There are a number of distributed computation systems that can process Big Data in real time or near-real time. This article will start with a short description of three Apache frameworks, and attempt to provide a quick, high-level overview of some of their similarities and differences.
In Storm, you design a graph of real-time computation called a topology, and feed it to the cluster where the master node will distribute the code among worker nodes to execute it. In a topology, data is passed around between spouts that emit data streams as immutable sets of key-value pairs called tuples, and bolts that transform those streams (count, filter etc.). Bolts themselves can optionally emit data to other bolts down the processing pipeline.
Spark Streaming (an extension of the core Spark API) doesn’t process streams one at a time like Storm. Instead, it slices them in small batches of time intervals before processing them. The Spark abstraction for a continuous stream of data is called a DStream (for Discretized Stream). A DStream is a micro-batch of RDDs (Resilient Distributed Datasets). RDDs are distributed collections that can be operated in parallel by arbitrary functions and by transformations over a sliding window of data (windowed computations).

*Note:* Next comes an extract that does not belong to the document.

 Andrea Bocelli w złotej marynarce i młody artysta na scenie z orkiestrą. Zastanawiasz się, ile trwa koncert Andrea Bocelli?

Samza ’s approach to streaming is to process messages as they are received, one at a time. Samza’s stream primitive is not a tuple or a Dstream, but a message. Streams are divided into partitions and each partition is an ordered sequence of read-only messages with each message having a unique ID (offset). The system also supports batching, i.e. consuming several messages from the same stream partition in sequence. Samza`s Execution & Streaming modules are both pluggable, although Samza typically relies on Hadoop’s YARN (Yet Another Resource Negotiator) and Apache Kafka.
All three real-time computation systems are open-source, low-latency, distributed, scalable and fault-tolerant. They all allow you to run your stream processing code through parallel tasks distributed across a cluster of computing machines with fail-over capabilities. They also provide simple APIs to abstract the complexity of the underlying implementations.
The three frameworks use different vocabularies for similar concepts:
A few of the differences are summarized in the table below:
There are three general categories of delivery patterns:
- At-most-once: messages may be lost. This is usually the least desirable outcome.
- At-least-once: messages may be redelivered (no loss, but duplicates). This is good enough for many use cases.
- Exactly-once: each message is delivered once and only once (no loss, no duplicates). This is a desirable feature although difficult to guarantee in all cases.
Another aspect is state management. There are different strategies to store state. Spark Streaming writes data into the distributed file system (e.g. HDFS). Samza uses an embedded key-value store. With Storm, you’ll have to either roll your own state management at your application layer, or use a higher-level abstraction called Trident.
All three frameworks are particularly well-suited to efficiently process continuous, massive amounts of real-time data. So which one to use? There are no hard rules, at most a few general guidelines.
If you want a high-speed event processing system that allows for incremental computations, Storm would be fine for that. If you further need to run distributed computations on demand, while the client is waiting synchronously for the results, you’ll have Distributed RPC (DRPC) out-of-the-box. Last but not least, because Storm uses Apache Thrift, you can write topologies in any programming language. If you need state persistence and/or exactly-once delivery though, you should look at the higher-level Trident API, which also offers micro-batching.
A few companies using Storm: Twitter, Yahoo!, Spotify, The Weather Channel...
Speaking of micro-batching, if you must have stateful computations, exactly-once delivery and don’t mind a higher latency, you could consider Spark Streaming…specially if you also plan for graph operations, machine learning or SQL access. The Apache Spark stack lets you combine several libraries with streaming (Spark SQL, MLlib, GraphX) and provides a convenient unifying programming model. In particular, streaming algorithms (e.g. streaming k-means) allow Spark to facilitate decisions in real-time.
A few companies using Spark: Amazon, Yahoo!, NASA JPL, eBay Inc., Baidu…
If you have a large amount of state to work with (e.g. many gigabytes per partition), Samza co-locates storage and processing on the same machines, allowing to work efficiently with state that won’t fit in memory. The framework also offers flexibility with its pluggable API: its default execution, messaging and storage engines can each be replaced with your choice of alternatives. Moreover, if you have a number of data processing stages from different teams with different codebases, Samza ‘s fine-grained jobs would be particularly well-suited, since they can be added/removed with minimal ripple effects.
A few companies using Samza: LinkedIn, Intuit, Metamarkets, Quantiply, Fortscale…
We only scratched the surface of The Three Apaches. We didn’t cover a number of other features and more subtle differences between these frameworks. Also, it’s important to keep in mind the limits of the above comparisons, as these systems are constantly evolving.